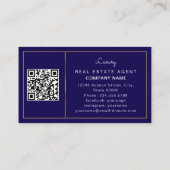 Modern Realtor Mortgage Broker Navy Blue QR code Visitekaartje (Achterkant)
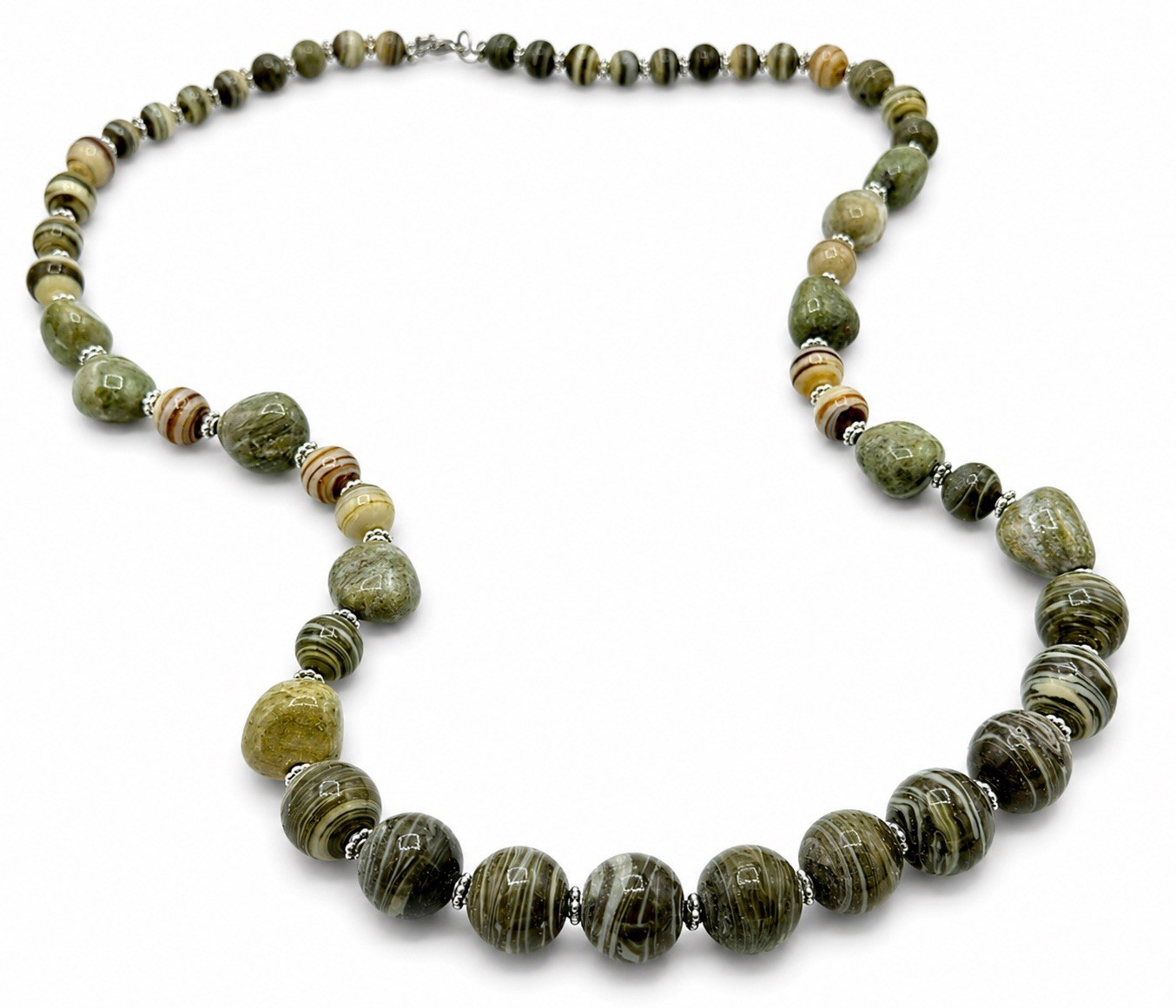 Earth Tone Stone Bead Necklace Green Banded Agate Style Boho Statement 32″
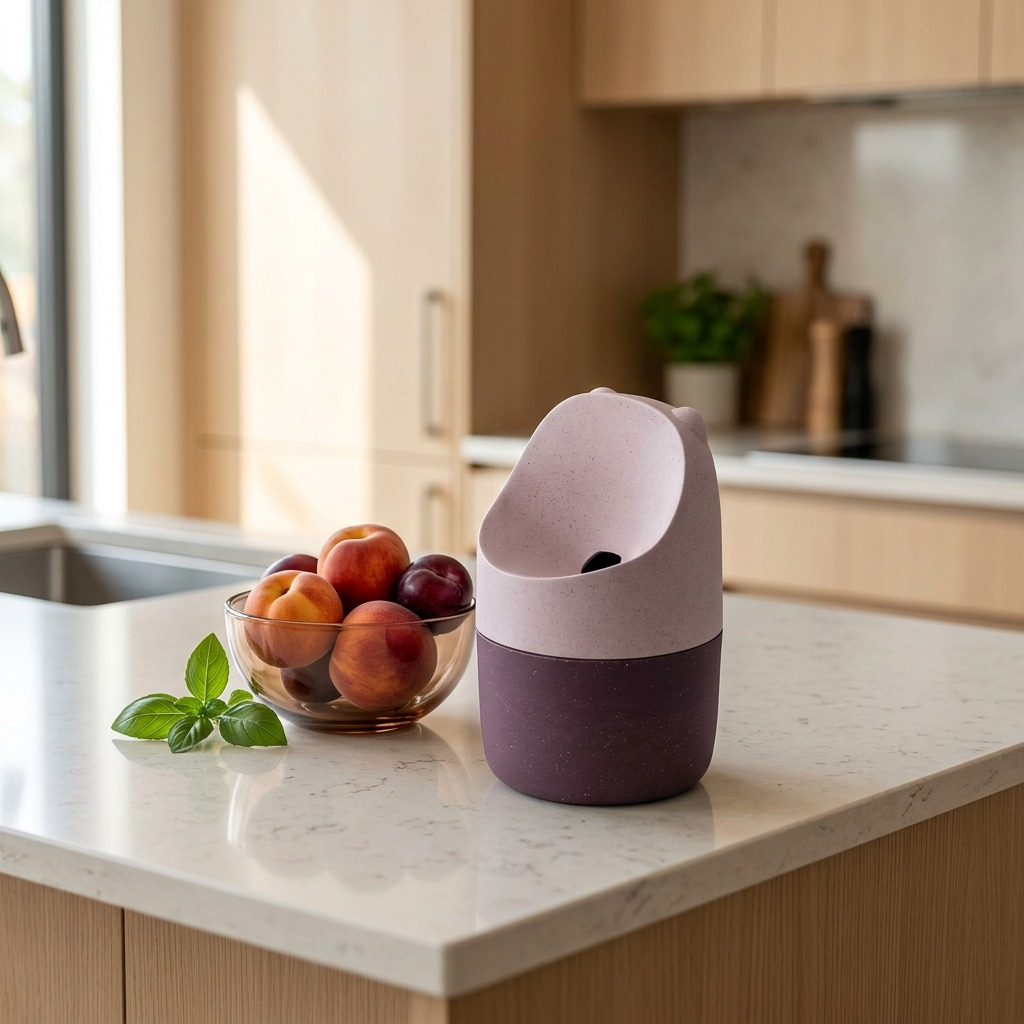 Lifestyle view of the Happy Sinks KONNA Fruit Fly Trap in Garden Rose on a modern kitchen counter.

★ ★ ★ ★ ★ ★ ★

» PROBLEM DETAILS:
Copy each line of the listing exactly, skipping any picture.

» EXERCISE ANSWER:
 Modern Realtor Mortgage Broker Navy Blue QR code Visitekaartje (Achterkant)
 Earth Tone Stone Bead Necklace Green Banded Agate Style Boho Statement 32″
 Lifestyle view of the Happy Sinks KONNA Fruit Fly Trap in Garden Rose on a modern kitchen counter.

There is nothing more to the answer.